TEMPO.CO, Jakarta - Bank Indonesia melakukan intervensi di pasar uang setelah banyak kalangan yang khawatir kurs rupiah terhadap dolar Amerika melemah hingga Rp 13.000 per dolar. Juru bicara Bank Indonesia, Peter Jacob, mengatakan intervensi dilakukan secara terukur setelah menganalisis pasar. "Jika pasar panik, kami masuk supaya supply dan demand stabil," katanya kepada Tempo, Sabtu, 11 Oktober 2014.
Peter mengatakan melemahnya rupiah bukan disebabkan faktor fundamental. Namun, kata dia, ada sentimen negatif yang bersifat sementara. Setelah melihat faktor melemahnya rupiah, Bank Indonesia, kata Peter, selalu berada di pasar. "Mengenai nilainya, kami akan sesuaikan dengan kondisinya," ujarnya. (Baca: Pelemahan Rupiah Picu Kenaikan Harga Barang)

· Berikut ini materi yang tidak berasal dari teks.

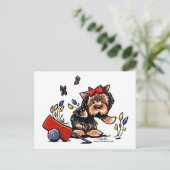 Yorkie im Garten Postkarte (Stehend Vorderseite)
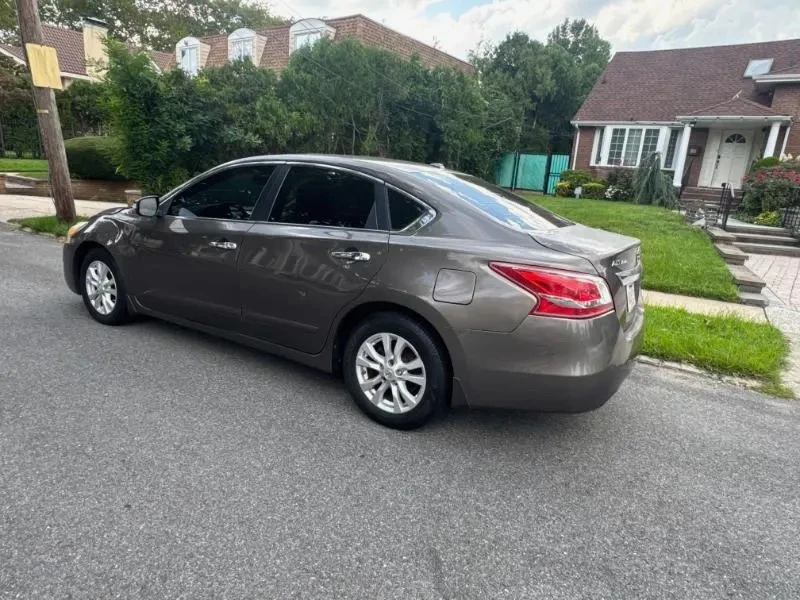 2013 Nissan Altima Sedan 4 cylinder - photo 5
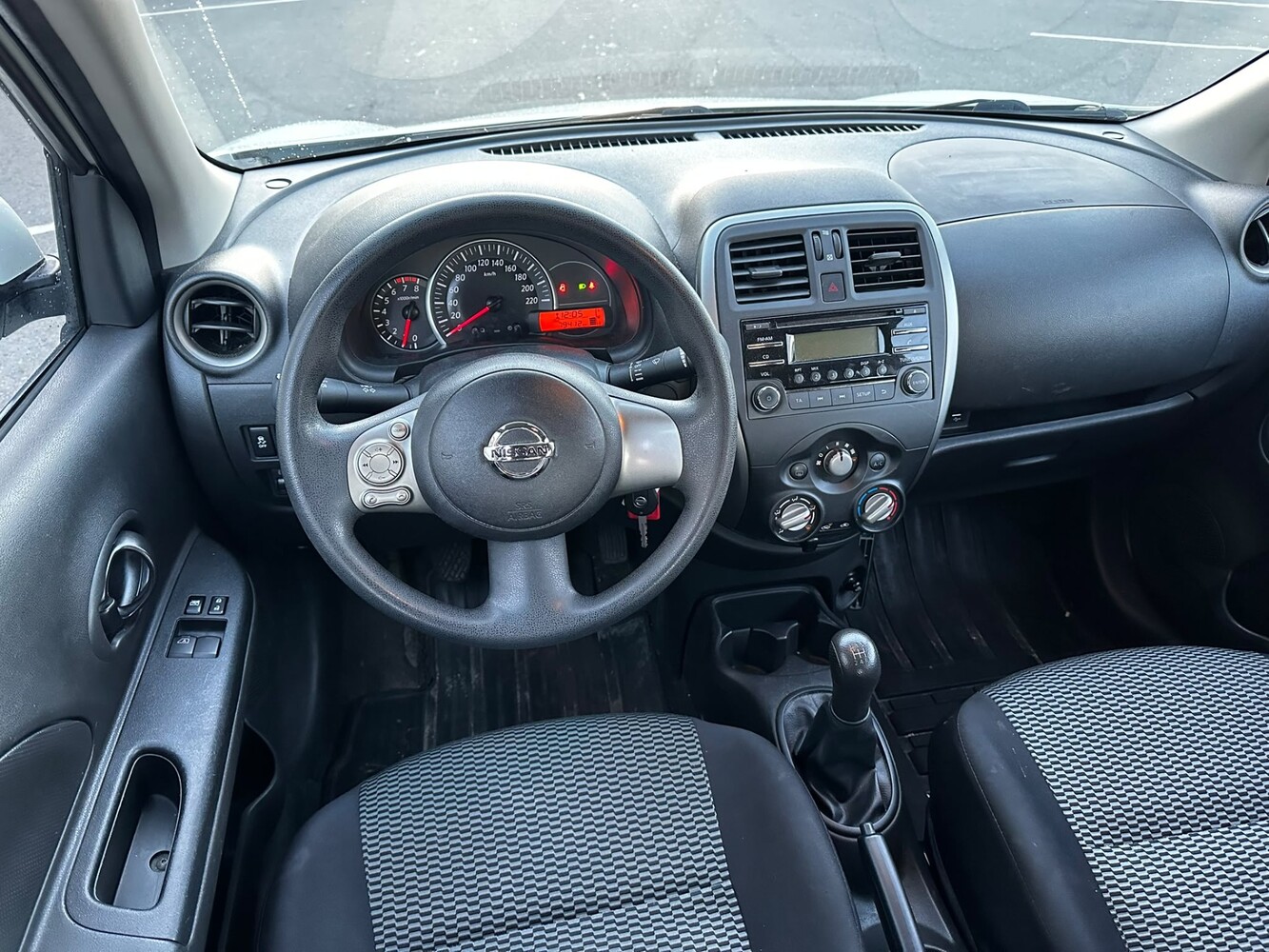 Nissan Micra vaihtoauto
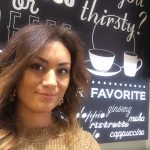 Interim konsult Maryem Nasri - Digital nomad på kafé i Milano
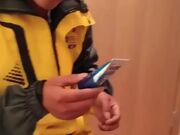 样子淫骚的大二眼镜妹用性用品诱惑憨厚老实的外卖小哥抵挡不住诱惑啪啪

Wakil Ketua Umum Kamar Dagang Industri bidang Kebijakan Moneter, Fiskal, dan Publik, Hariyadi Sukamdani, mengatakan rupiah bisa menguat karena fundamental ekonomi Indonesia masih bagus. Selain inflasi masih terkontrol dan suku bunga terjaga, kata dia, cadangan devisa cukup baik dengan jumlah lebih dari US$ 100 miliar.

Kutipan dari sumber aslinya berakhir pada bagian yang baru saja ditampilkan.